The frustration of the journalists on the panel Tuesday was mostly not evident at the candidate debates and interviews, where journalists, with some important exceptions here and elsewhere, took a passive role, without much follow-up.

Here’s part of Tuesday’s discussion about how to address the talking points.

PLUNKETT: We do break the script. A good journalist can get people to talk about more than sometimes we give them credit for. I think when you start to think about the election in general, you remember all those scripted moments, and you’re frustrated by it. It’s annoying. You wish people would just answer the question. And that creates a very human reaction in you, and you react to it, in a hostile kind of way. But I do think, if you think back, there were tons of stories written by lots of people on the campaign trail, and we did get into issues.

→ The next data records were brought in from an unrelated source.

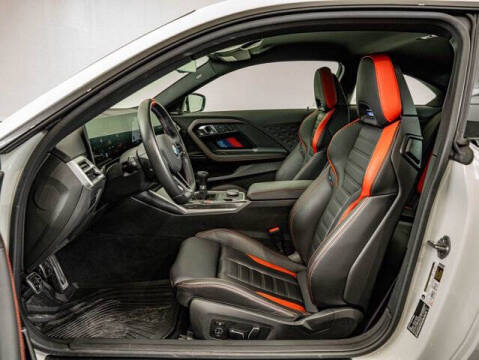 2025 BMW M2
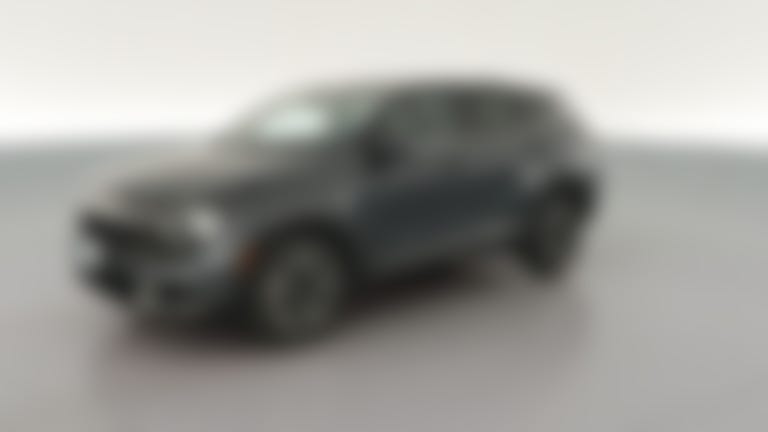 2023 Kia Sportage vehicle photo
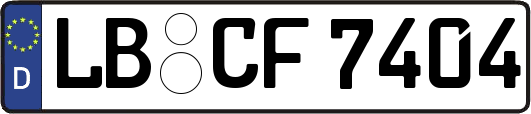 LB-CF7404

We did look at important moments.

STOKOLS: I think as a journalist you have to draw out and just explain to people when somebody’s not answering the question, sometimes. Whether you show that in a TV format or in a print format, you just say, you know, “…has refused to answer this question repeatedly throughout the campaign,” or, whatever it is. I think that should be revealing to people, you know, like Chuck said. Sometimes, there’s not a lot more you can do.

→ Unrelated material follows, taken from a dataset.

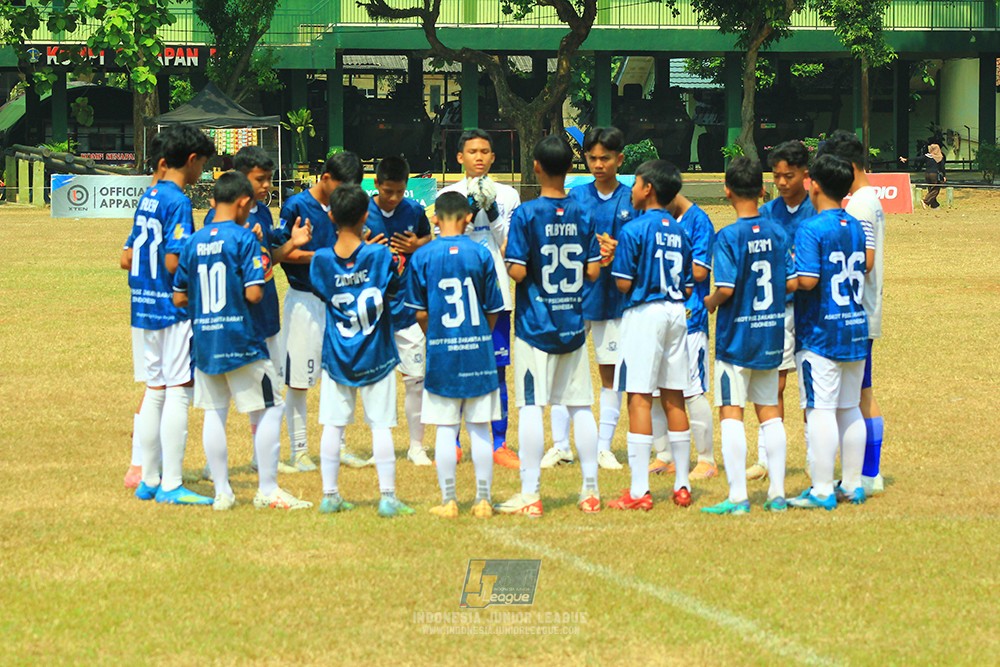 ijl u14 250726 kameha c4 fc vs banteng united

Durango Herald’s Peter MARCUS: Yeah, I agree. And I also agree that it is tougher in print. I mean, when I was pushing Cory Gardner on, you know, what the difference is between the state Personhood initiative and the federal bill, you know, it’s weird to write that into the story. It’s like, “The Durango Herald pushed Gardner on…” You know, and how many times can you write that? And are people even understanding what’s going on in the exchange, that you’re on the phone, or conducting your interview in person, we’re just asking the same question over and over in different ways? It gets hard to write it into a story. But more importantly, you can’t make them break the script. I STOKOLS: Well, you know, we have to be a little analytical. I mean, we can’t just sit there. we’re not stenographers.

MARCUS: Right

STOKOLS: So, you know, when you sit there on a campaign bus, and Mark Udall and Michael Bennet are sitting there, and the national reporters are asking, you know, like, “President Obama, he’s not here. Is he killing you?” And they’re like, “Oh, no! It’s fine!” Whatever. And then, you know, they go on background, and they’re like, “Jesus! The President is killing us!”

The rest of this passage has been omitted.